Thursday, October 13, 2016

Boko Haram releases 21 Chibok girls to Nigerian government

(CNN)Boko Haram militants handed over 21 missing Chibok schoolgirls to Nigerian authorities Thursday morning as part of a deal brokered by the International Committee of the Red Cross and the Swiss government, Nigeria's government said.
The girls are being taken to the northeastern city of Maiduguri, where they will meet with the governor of Borno state, officials in the state said. The girls were not immediately named.
Some of the 21 released Chibok girls are shown Thursday in Banki, Nigeria, near the Cameroon border, in a photo obtained exclusively by CNN.
The 21 are said to be among the 276 girls that Boko Haram militants herded from bed in the middle of the night at a school in northern Nigeria in April 2014 -- a kidnapping that spurred global outrage.
As many as 57 girls escaped almost immediately, but scores remain missing. Thursday's release is the largest group believed freed since the girls were kidnapped two years ago.
 
Terms of Thursday's deal were not immediately announced, but no jailed Boko Haram fighters were released in exchange for the girls, a source with direct knowledge of the release said on condition of anonymity.
Mallam Garba Shehu, spokesman for Nigerian President Muhammadu Buhari, said on Twitter that the 21 released girls are now in the custody of the Department of State Services, the Nigerian domestic intelligence agency.
The agency chief has briefed the government, Shehu tweeted, and has said the girls need to rest "with all of them very tired coming out of the process before he hands them over to the Vice President."
"The release of the girls ... is the outcome of negotiations between the (Nigerian) administration and the Boko Haram brokered by the International Red Cross and the Swiss government.
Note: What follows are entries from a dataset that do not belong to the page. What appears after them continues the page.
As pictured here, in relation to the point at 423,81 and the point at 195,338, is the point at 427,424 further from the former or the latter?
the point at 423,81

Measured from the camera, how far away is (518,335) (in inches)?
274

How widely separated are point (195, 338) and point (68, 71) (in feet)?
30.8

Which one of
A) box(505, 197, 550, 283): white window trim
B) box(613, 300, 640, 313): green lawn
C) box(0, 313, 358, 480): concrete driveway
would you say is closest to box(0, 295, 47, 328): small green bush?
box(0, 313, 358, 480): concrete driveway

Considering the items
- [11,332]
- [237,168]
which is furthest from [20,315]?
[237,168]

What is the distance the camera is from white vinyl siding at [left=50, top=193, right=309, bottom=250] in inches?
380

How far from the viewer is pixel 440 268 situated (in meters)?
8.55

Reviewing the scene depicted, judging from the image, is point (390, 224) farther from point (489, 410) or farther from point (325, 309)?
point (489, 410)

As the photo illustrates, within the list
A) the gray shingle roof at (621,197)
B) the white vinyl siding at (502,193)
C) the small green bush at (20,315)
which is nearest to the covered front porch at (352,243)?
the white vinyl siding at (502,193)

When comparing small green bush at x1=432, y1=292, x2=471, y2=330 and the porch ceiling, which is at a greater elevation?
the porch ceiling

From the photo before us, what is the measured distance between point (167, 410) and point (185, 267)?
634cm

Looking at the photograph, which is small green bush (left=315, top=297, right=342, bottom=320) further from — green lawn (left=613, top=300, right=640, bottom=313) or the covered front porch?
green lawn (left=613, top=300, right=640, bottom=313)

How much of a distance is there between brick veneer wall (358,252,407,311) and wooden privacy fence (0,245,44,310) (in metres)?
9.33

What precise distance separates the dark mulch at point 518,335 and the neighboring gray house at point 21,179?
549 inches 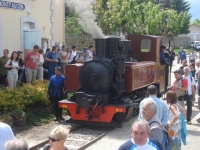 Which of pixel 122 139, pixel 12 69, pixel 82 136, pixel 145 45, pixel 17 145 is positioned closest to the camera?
pixel 17 145

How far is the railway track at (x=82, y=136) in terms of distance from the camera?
27.0 ft

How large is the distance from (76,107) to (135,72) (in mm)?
1794

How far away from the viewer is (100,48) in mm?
9898

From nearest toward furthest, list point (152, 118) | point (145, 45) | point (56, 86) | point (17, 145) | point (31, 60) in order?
point (17, 145) < point (152, 118) < point (56, 86) < point (31, 60) < point (145, 45)

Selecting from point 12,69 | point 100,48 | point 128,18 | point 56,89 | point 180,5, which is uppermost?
point 180,5

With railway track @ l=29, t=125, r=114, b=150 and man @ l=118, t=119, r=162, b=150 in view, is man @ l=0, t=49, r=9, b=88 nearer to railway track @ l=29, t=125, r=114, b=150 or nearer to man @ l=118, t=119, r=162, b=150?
railway track @ l=29, t=125, r=114, b=150

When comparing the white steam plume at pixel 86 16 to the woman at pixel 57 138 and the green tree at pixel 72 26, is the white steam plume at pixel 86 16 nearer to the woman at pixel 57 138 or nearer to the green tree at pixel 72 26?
the woman at pixel 57 138

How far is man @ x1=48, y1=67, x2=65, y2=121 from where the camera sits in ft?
34.3

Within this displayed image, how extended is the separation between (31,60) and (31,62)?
2.5 inches

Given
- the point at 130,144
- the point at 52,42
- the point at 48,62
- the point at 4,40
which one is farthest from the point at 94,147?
the point at 52,42

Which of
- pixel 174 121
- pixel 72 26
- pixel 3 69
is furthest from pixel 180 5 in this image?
pixel 174 121

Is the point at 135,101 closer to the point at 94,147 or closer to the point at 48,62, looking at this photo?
the point at 94,147

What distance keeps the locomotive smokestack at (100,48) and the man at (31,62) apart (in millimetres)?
3012

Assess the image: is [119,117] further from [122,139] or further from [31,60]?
[31,60] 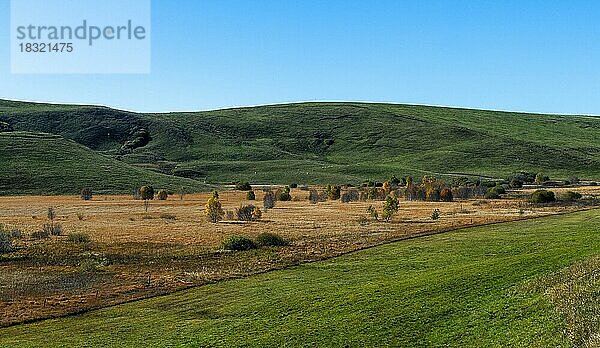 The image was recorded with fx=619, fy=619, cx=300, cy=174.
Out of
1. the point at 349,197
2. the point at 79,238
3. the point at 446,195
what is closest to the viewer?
the point at 79,238

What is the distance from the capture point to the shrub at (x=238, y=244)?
43.7m

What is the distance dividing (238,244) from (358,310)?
802 inches

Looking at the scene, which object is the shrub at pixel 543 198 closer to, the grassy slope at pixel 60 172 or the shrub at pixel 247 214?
the shrub at pixel 247 214

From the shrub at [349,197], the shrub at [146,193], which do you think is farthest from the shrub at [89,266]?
the shrub at [146,193]

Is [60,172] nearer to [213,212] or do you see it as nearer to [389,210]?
[213,212]

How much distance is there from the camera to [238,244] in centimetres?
4400

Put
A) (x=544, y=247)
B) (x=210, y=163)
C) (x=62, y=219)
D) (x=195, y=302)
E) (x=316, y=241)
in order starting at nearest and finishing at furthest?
(x=195, y=302) → (x=544, y=247) → (x=316, y=241) → (x=62, y=219) → (x=210, y=163)

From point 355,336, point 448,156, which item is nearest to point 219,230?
point 355,336

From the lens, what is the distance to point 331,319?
24.0 meters

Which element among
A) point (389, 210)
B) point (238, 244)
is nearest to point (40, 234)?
point (238, 244)

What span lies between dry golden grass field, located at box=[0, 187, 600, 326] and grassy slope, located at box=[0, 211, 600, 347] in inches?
105

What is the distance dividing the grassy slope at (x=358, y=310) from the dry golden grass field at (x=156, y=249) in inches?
105

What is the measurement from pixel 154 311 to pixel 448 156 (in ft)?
553

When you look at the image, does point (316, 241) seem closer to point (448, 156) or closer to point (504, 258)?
point (504, 258) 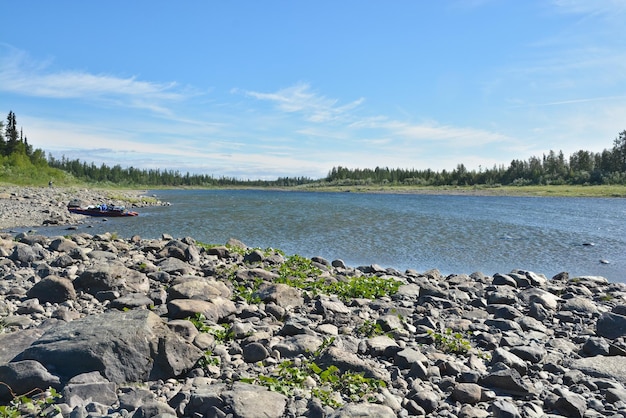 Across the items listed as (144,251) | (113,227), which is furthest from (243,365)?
(113,227)

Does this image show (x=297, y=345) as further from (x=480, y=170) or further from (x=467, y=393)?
(x=480, y=170)

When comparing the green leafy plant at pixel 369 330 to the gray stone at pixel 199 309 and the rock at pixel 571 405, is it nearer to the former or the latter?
the gray stone at pixel 199 309

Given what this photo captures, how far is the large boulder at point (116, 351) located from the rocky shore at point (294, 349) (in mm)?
21

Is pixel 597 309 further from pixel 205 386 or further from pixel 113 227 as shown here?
pixel 113 227

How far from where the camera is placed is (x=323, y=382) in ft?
21.3

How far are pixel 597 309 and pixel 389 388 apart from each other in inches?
332

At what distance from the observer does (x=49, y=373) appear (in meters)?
5.96

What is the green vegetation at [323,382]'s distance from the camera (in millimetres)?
6066

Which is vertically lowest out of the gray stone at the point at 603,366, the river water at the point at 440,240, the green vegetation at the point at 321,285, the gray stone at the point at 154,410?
the river water at the point at 440,240

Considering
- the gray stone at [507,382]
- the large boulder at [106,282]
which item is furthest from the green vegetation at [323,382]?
the large boulder at [106,282]

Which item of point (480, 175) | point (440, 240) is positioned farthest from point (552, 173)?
point (440, 240)

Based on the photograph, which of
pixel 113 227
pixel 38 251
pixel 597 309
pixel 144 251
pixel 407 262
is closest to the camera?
pixel 597 309

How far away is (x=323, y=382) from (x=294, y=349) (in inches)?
48.6

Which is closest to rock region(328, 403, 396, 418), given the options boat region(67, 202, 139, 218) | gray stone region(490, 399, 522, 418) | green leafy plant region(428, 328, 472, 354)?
gray stone region(490, 399, 522, 418) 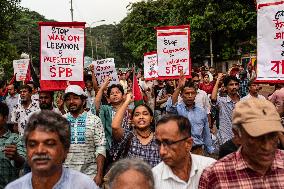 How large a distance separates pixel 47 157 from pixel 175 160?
2.81 feet

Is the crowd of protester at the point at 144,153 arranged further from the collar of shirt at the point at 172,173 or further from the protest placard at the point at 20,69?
the protest placard at the point at 20,69

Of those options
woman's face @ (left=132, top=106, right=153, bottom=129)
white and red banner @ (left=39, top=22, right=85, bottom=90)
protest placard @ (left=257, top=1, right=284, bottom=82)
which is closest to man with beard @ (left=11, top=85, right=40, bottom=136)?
white and red banner @ (left=39, top=22, right=85, bottom=90)

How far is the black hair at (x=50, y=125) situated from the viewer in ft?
9.62

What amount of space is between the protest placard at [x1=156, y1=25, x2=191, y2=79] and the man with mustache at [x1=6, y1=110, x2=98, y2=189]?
20.0ft

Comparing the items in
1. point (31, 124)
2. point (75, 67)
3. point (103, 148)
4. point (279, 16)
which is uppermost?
point (279, 16)

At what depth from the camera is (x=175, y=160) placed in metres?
3.21

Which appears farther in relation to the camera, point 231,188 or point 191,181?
point 191,181

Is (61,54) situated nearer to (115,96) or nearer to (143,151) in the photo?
(115,96)

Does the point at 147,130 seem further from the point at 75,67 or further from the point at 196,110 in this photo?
the point at 75,67

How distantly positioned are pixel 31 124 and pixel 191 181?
3.59 feet

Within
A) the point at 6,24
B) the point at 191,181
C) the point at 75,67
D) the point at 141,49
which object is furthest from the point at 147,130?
the point at 141,49

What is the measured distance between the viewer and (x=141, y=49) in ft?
176

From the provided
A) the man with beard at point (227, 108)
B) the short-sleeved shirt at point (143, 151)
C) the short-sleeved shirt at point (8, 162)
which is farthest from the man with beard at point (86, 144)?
the man with beard at point (227, 108)

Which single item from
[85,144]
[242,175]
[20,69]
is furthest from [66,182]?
[20,69] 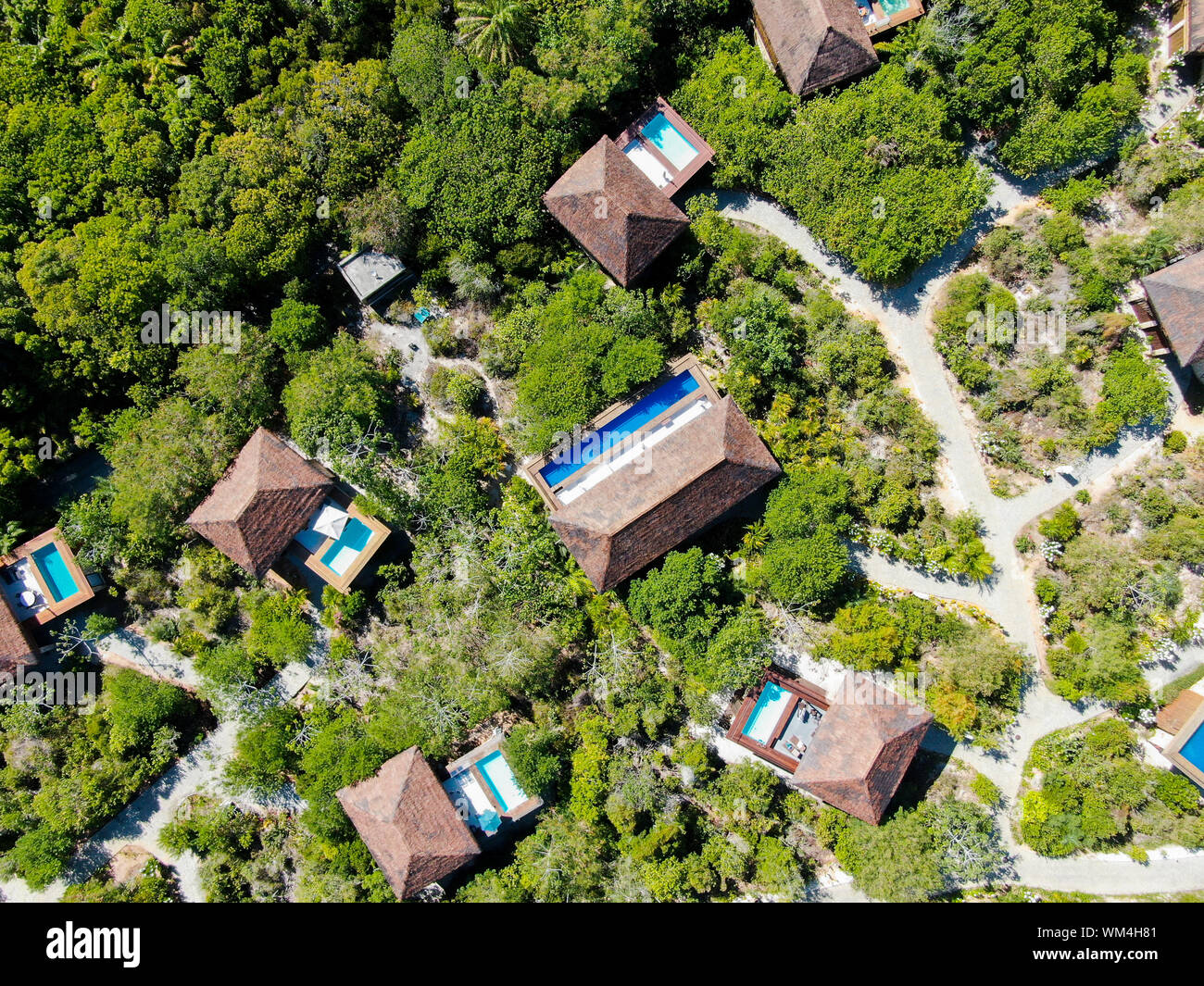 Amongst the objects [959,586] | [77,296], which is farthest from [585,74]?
[959,586]

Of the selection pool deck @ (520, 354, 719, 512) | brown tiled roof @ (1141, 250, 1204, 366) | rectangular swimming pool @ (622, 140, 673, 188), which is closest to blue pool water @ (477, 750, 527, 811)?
pool deck @ (520, 354, 719, 512)

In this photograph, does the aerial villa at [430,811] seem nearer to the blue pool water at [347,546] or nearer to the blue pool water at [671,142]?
the blue pool water at [347,546]

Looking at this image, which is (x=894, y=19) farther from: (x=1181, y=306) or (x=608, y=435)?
(x=608, y=435)

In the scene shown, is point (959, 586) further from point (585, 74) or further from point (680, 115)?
point (585, 74)

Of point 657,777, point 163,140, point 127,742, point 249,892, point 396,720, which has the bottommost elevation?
point 657,777

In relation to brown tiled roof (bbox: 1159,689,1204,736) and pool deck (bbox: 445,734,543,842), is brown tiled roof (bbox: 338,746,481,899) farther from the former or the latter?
brown tiled roof (bbox: 1159,689,1204,736)

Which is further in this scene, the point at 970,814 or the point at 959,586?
the point at 959,586

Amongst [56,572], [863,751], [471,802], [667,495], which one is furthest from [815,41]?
[56,572]

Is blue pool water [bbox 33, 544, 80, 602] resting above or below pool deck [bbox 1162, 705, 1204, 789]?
above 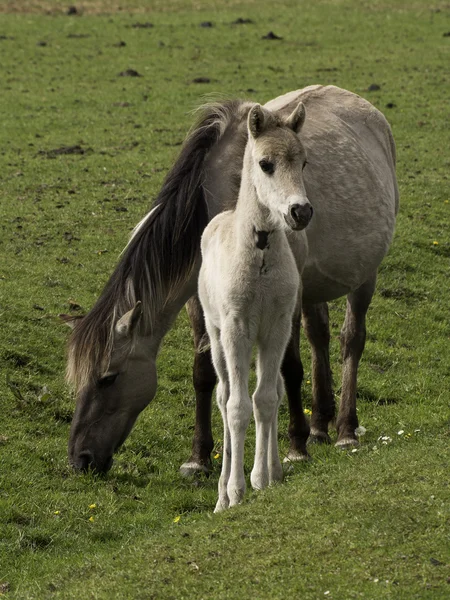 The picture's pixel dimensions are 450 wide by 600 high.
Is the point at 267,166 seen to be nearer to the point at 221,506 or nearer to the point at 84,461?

The negotiations will continue," Shehu tweeted.
This photo, obtained exclusively by CNN, shows some of the 21 girls who were released to the Nigerian military Thursday morning in Nigeria.

#BringBackOurGirls

The 2014 kidnapping prompted global figures such as Pakistani education activist Malala Yousafzai and first lady Michelle Obama to support a #BringBackOurGirls campaign.